INPUT MATERIAL: Begin

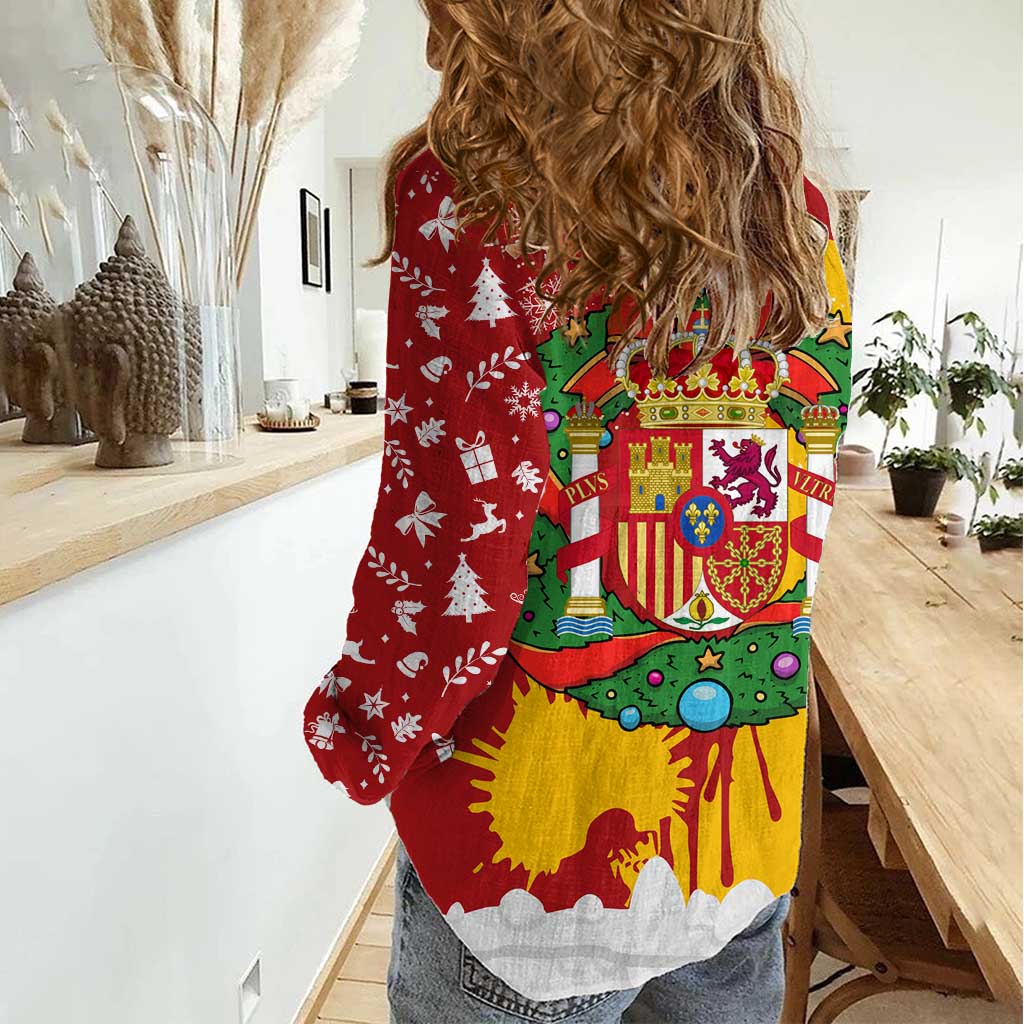 Spain Christmas Women Casual Shirt with Tio de Nadal Log Snowflakes Spanish Flag and Holiday Wreath - Wonder Print Shop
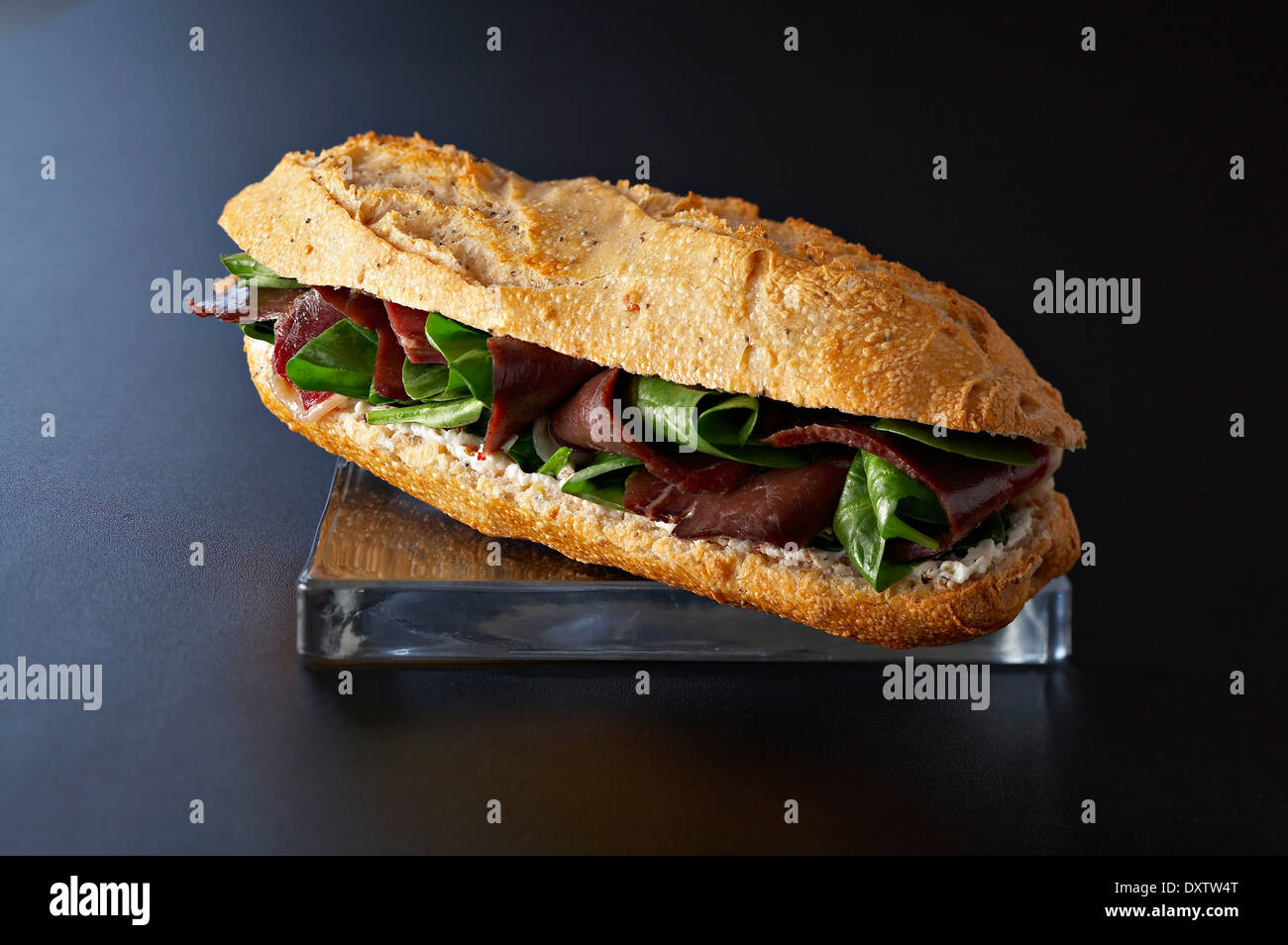 Duck's meat and spinach baguette sandwich Stock Photo
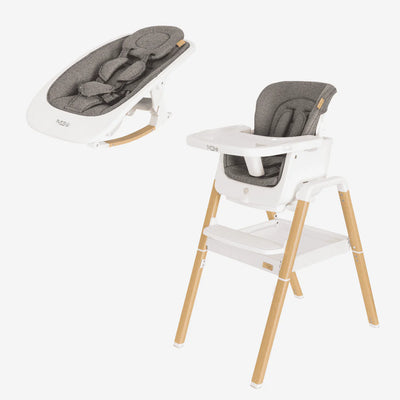 Modern Stylish Nova Birth to 12 Years Highchair - White/Oak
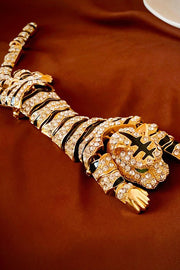 Fashionable Zinc Alloy Rhinestone Vintage Tiger Brooch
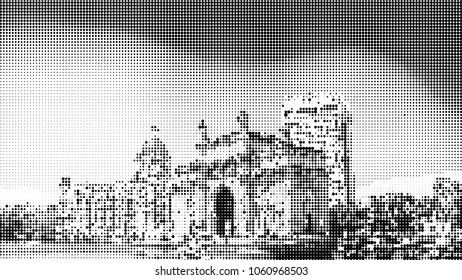 Dots Halftone Vector Illustration as Background of Gateway of India, Mumbai, India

INPUT MATERIAL: End

[AIM OF THE EXERCISE]: Copy every line above exactly; images stay out.

[ANSWER]:
 Spain Christmas Women Casual Shirt with Tio de Nadal Log Snowflakes Spanish Flag and Holiday Wreath - Wonder Print Shop
 Duck's meat and spinach baguette sandwich Stock Photo
 Modern Stylish Nova Birth to 12 Years Highchair - White/Oak
 Fashionable Zinc Alloy Rhinestone Vintage Tiger Brooch
 Dots Halftone Vector Illustration as Background of Gateway of India, Mumbai, India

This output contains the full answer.